"Mahnwache für Thomas Nitzschke und René Bräunlich" steht auf einem Plakat an der Kirchenmauer hinter ihm. Auf dem Fußweg stehen Fotos der beiden, ringsherum hunderte Kerzen und Teelichter.
Ende Januar wurden die Leipziger René Bräunlich und Thomas Nitzschke im Nordirak entführt. Seither versammeln sich Angehörige, Kollegen und Sympathisanten regelmäßig auf dem gepflasterten Hof vor der Kirche. Bei Schneetreiben, Frost und im Regen sind es immer montags und donnerstags ein paar hundert Menschen - heute zum 20. Mal. Viele tragen ein grünes Band als Zeichen der Hoffnung am Ärmel, im Knopfloch oder am Kinderwagen.
Wenn kurz nach 18 Uhr die Glocken der Kirche verstummen, bittet Christian Führer um zwei Minuten des stillen Gedenkens. Dann rücken die Männer, Frauen und Kinder etwas näher zusammen und richten ihre Gedanken auf die Entführten. Mit dabei ist Michael Herrn. "Für mich ist der René wie ein Sohn", sagt der Fußballtrainer des SV Grün-Weiß Miltitz, Bräunlichs Fußballverein.

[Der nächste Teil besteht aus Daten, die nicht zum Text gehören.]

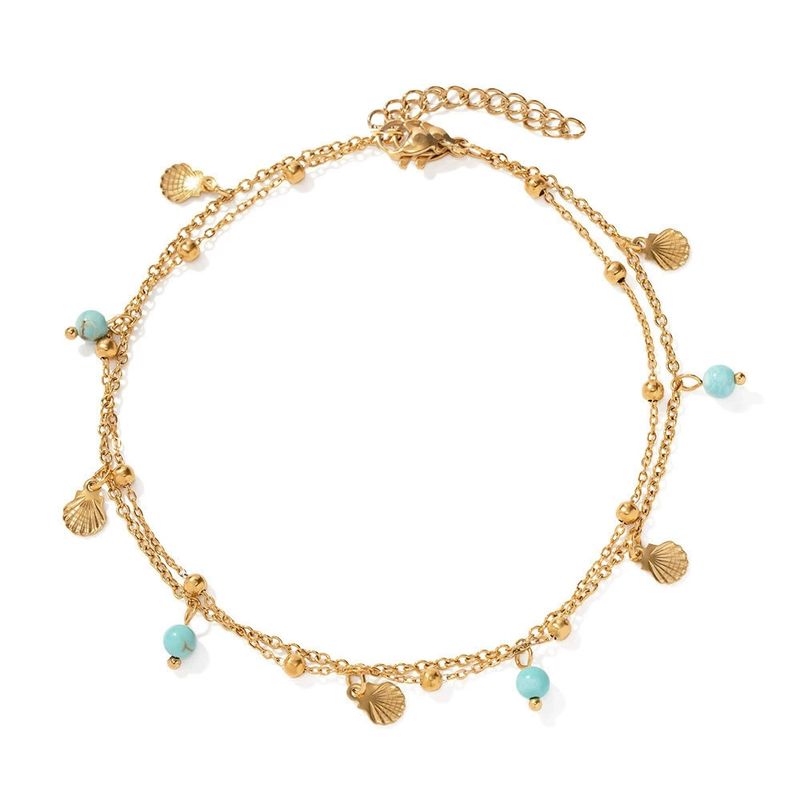 Accessories Bohemian Adjustable Summer Anklet Set Starfish Pendant Beach Foot Jewelry_voghion.com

"Bei der Schweigeminute schießen mir Gedanken an das Schlimmste durch den Kopf", bekennt der 59-Jährige, "Nicht immer gelingt es mir, diese bösen Vorstellungen zu verdrängen." Doch der Trainer ist überzeugt: "Der René ist ein Kämpfer. Wie ein Stehaufmännchen hat er sich auf dem Platz immer wieder reingehängt und seine Mitspieler motiviert." So hofft er nun, dass dies Bräunlich auch in der Geiselhaft hilft.

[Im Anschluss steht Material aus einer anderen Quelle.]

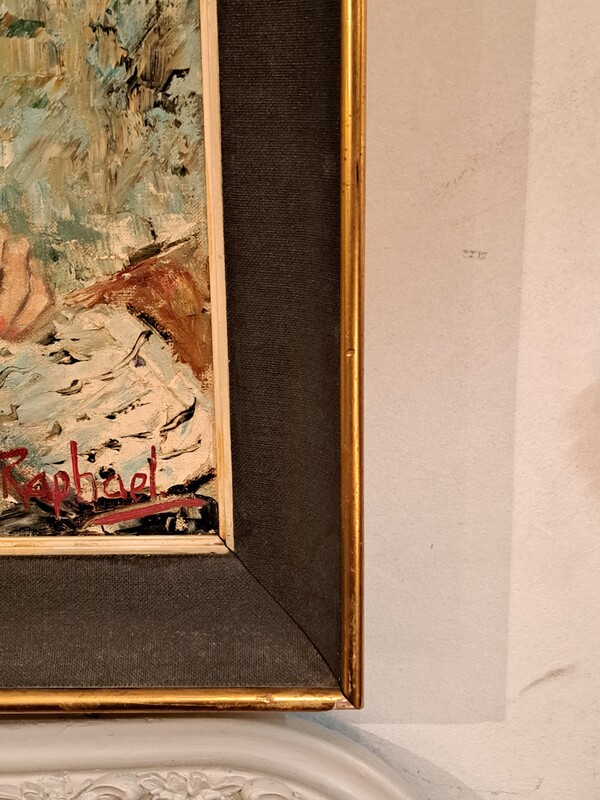 Signed Betty Raphaël, oil on canvas,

"Landesweite Mahnwachen" fordert ein Mann auf einem selbst gemalten Plakat. In Düsseldorf und Wuppertal gibt es bereits Gebete und Wachen für die Sachsen. Nikolaikirchenpfarrer Führer berichtet von dutzenden Briefen und E-Mails mit Aufmunterungen aus dem ganzen Land. In der sächsischen Kleinstadt Meerane haben Sprayer ein Riesen-Graffiti an eine Brücke gesprüht. "Wir bitten um die Freilassung" steht auf dem Bild mit den großen bunten Kerzen. "Ich hoffe, wir konnten damit einigen Menschen den Ernst der Situation ins Gedächtnis rufen", heißt es.

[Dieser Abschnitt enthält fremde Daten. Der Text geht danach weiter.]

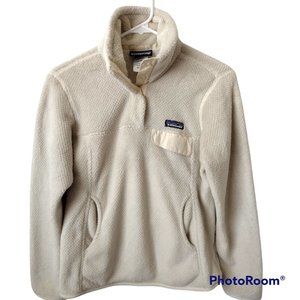 Patagonia Re-Tool Snap-T Pullover Fleece Sweater Women Sz Small
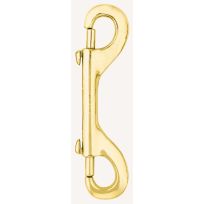 WEAVER LEATHER™ Double End Snap, BC00163-SB-41/2, Solid Brass, 4-1/2 IN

Besonders schlimm wäre es, wenn das Schicksal der Ingenieure schleichend aus dem öffentlichen Bewusstsein verschwände, schrieb der CDU-Politiker Bernhard Vogel an Pfarrer Führer. Bundesaußenminister Frank-Walter Steinmeier (SPD) lobte das unermüdliche Engagement der Menschen bei der Mahnwache. Damit sie aber nicht als staatliche Aktion wahrgenommen werde, könne er selbst nicht teilnehmen, ließ er die Leipziger wissen.
Ein Krisenstab im Auswärtigen Amt arbeitet derweil an einer Lösung der vertrackten Geisel-Situation. "Wenn es denn nur am Geld liegt, sollte es endlich gezahlt werden", meint Christian Führer. "Geld kann ersetzt werden, ein Menschenleben nicht."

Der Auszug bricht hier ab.